Saturday Morning Yin Yoga Class Playlist:

"Shanti (Peace Out)" by MC Yogi, album Elephant Power

"Healing Earth" by Anugama, album Healing

"The Flow and Let Go (Heart Chakra Meditation)" by Anugama, album Healing

"Aquarius (Crown Chakra Meditation)" by Anugama, album Healing

"Caeli et Terra" by Biomusique, album The 10,000 Steps

QUOTES

"I feel like I worked harder these past few months than I’ve ever worked before. Nothing extraordinary, really, but the stuff of a full life, a life that remains interesting by constantly challenging me.

Yesterday I took a breath. And in that breath, I felt vulnerability flood through my body. An ache that makes your heart tweak. An openness that scares you. A trembling in your upper arms. A twinge behind your eyes.

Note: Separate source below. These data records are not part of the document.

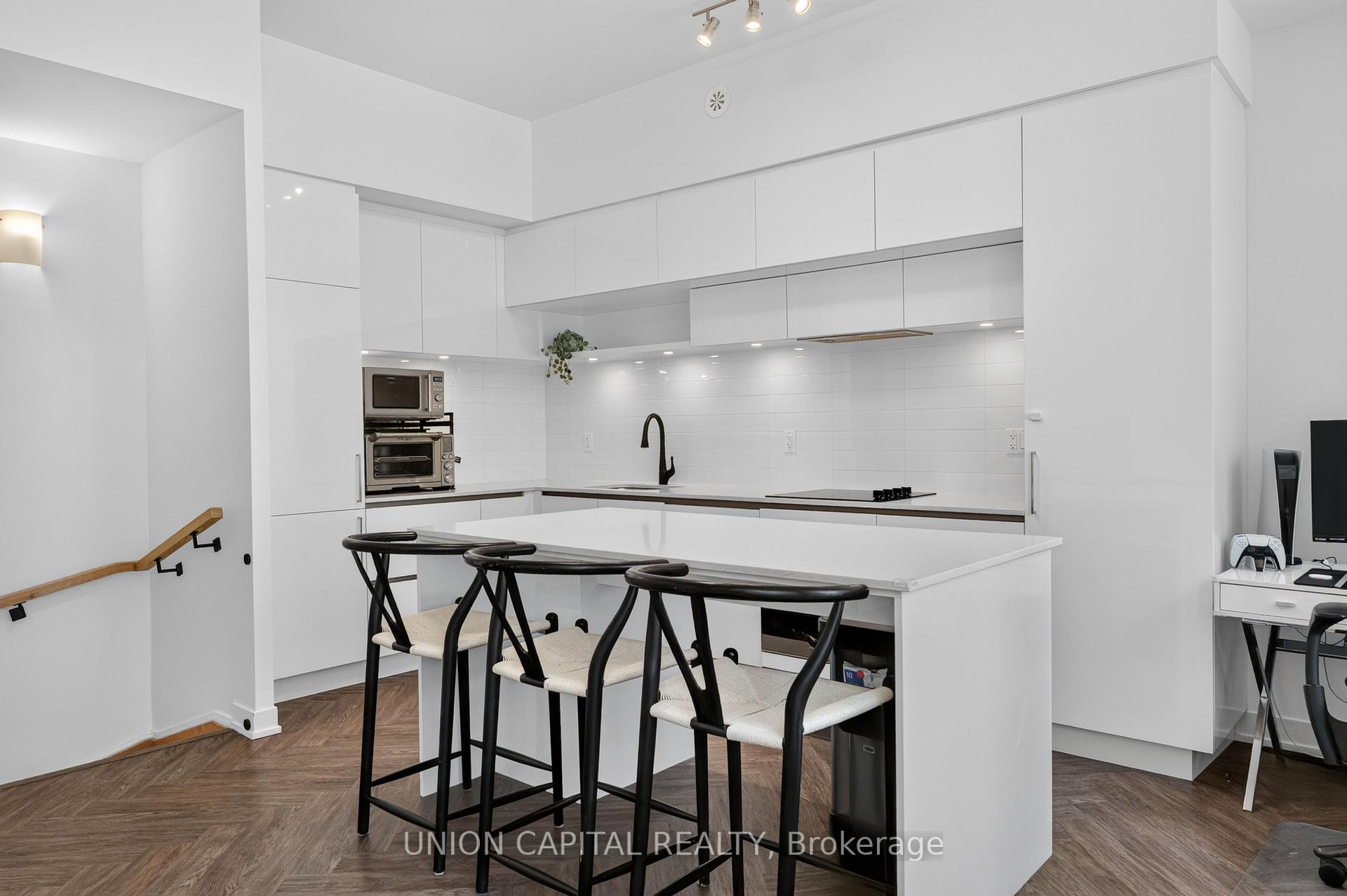 Photo 7 of Unit 1227, 8 David Eyer Road, Richmond Hill, Rural Richmond Hill — HOMEH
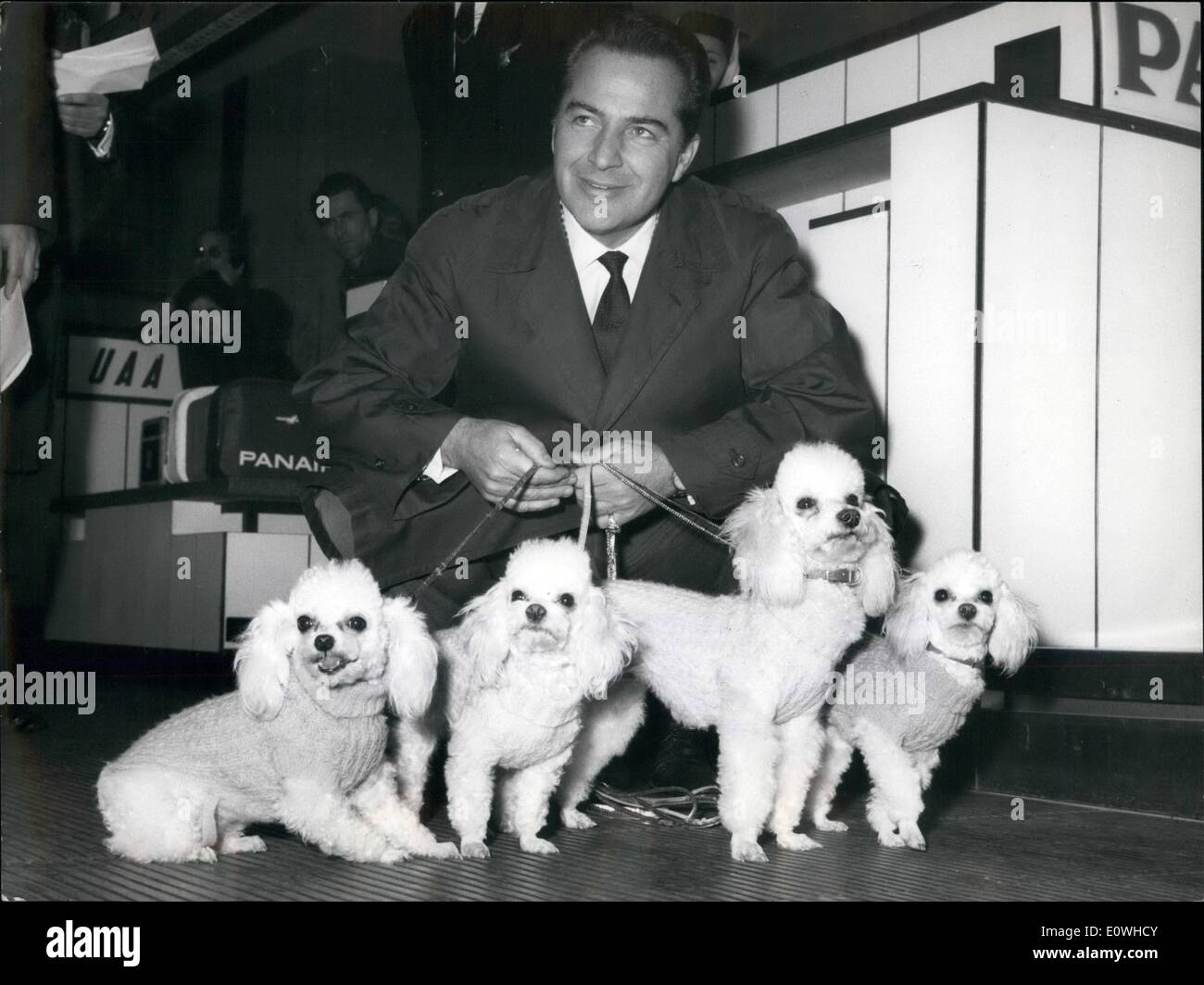 01 janv., 1963 - Rossano Erazzi l'acteur italien connu en Amérique comme ''le latin lover'' de quitter Rome pour Rio De Janciro, où il Banque D'Images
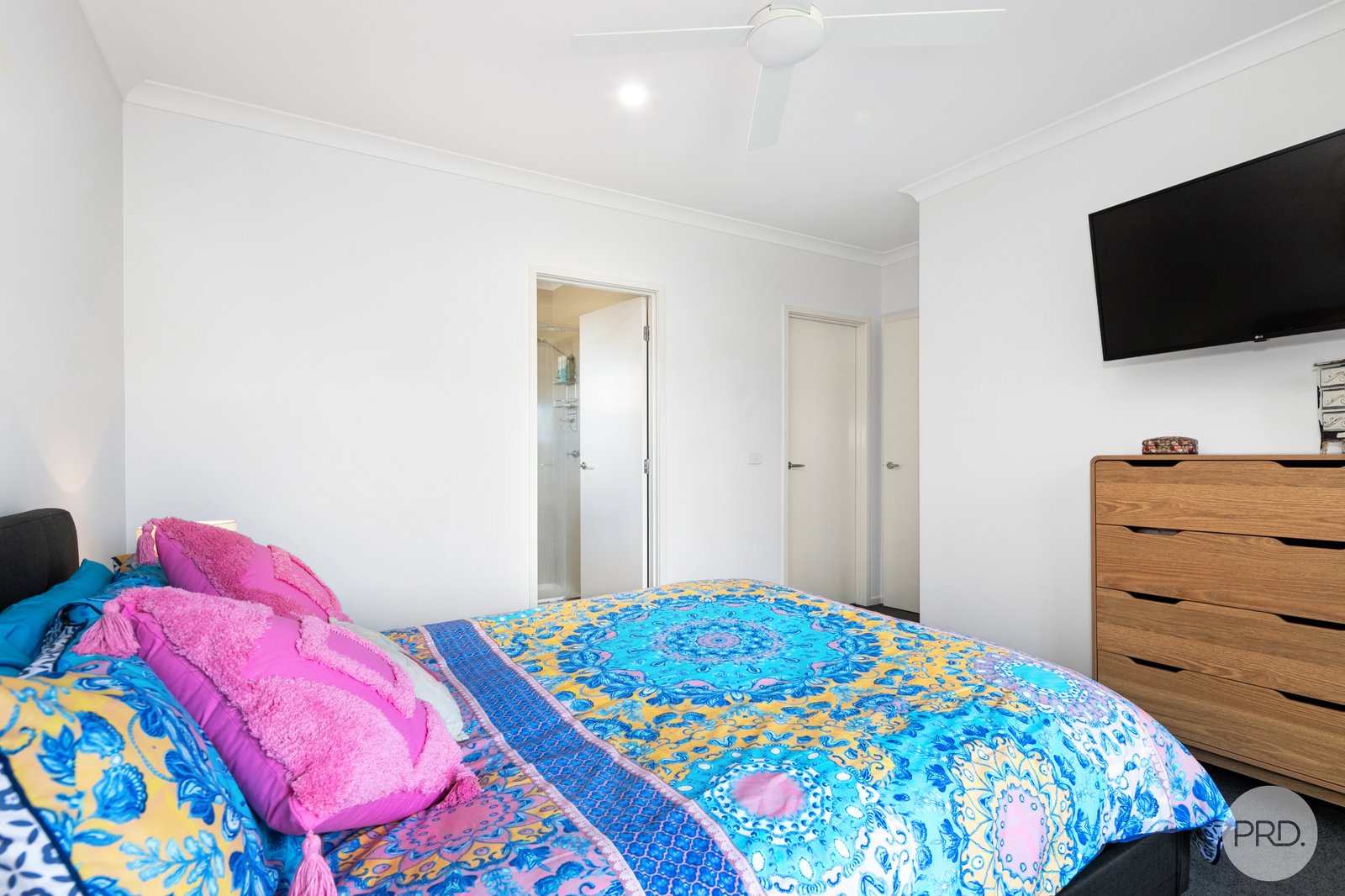 1 Palace Road WINTER VALLEY 3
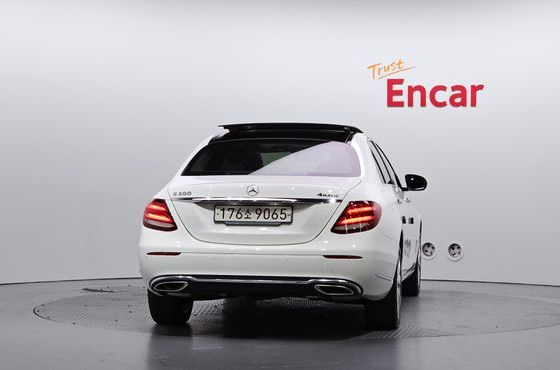 Mercedes-Benz E-Class E300 4MATIC Exclusive — пробег 65 316 км — фото 4 из 5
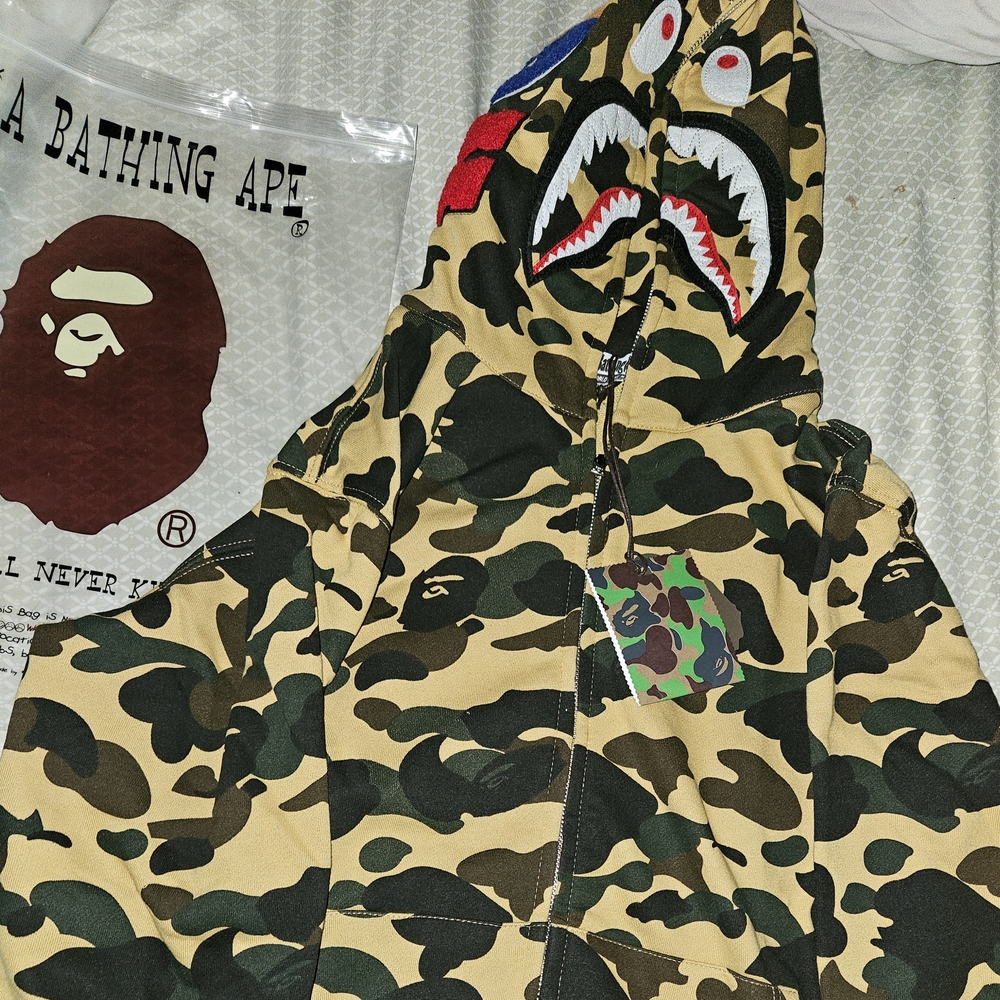 NWT BAPE Medium Shark Camo Hoodie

This is what happens in yin yoga. In yin yoga, you hold a pose for a long time, maybe five minutes, maybe ten. You breathe deep and settle in. You find your edge. You surrender and let the body do its own yoga for a while. The connective tissue stretches. The body unwinds, unravels. Your teacher tells you stories to keep your mind out of it.

And then you slowly come out of the pose. Your limbs remember they are part of you. And a vulnerable ache will often bloom there, right where you opened up.

It passes. You go on to the next pose. But you remember it, deep in your cells. You remember the space that exists there, below the level of bone and flesh. It beguiles and scares you at the same time.

This is the consequence of opening."

 - Brenda Miller, Going OM: Real-Life Stories on and off the Yoga Mat

"I believe that those of us who practice yoga have been sent to yoga by our pain. We embarked on this path because we had a hunch there must be a better way. We have grown tired of our perfectionism, our unhappy relationships with our bodies, our inability to love completely or be loved completely, our endless resentments and sorrows, our sense that we could become greater than we are but we are somehow blocked​. Many of us have had considerable good fortune. We were blessed with the nice smile, the right education, the right opportunities. We may have loving partners, good work, healthy families. Yet we've found that arranging our externals in just the right way doesn't bring us the happiness we hoped it would. The resting place seems to be just over the next hill. And we have grown tired. We come to yoga in the grip of avidya. We come to yoga not knowing where we came from or who we are. On our mats we find the truth."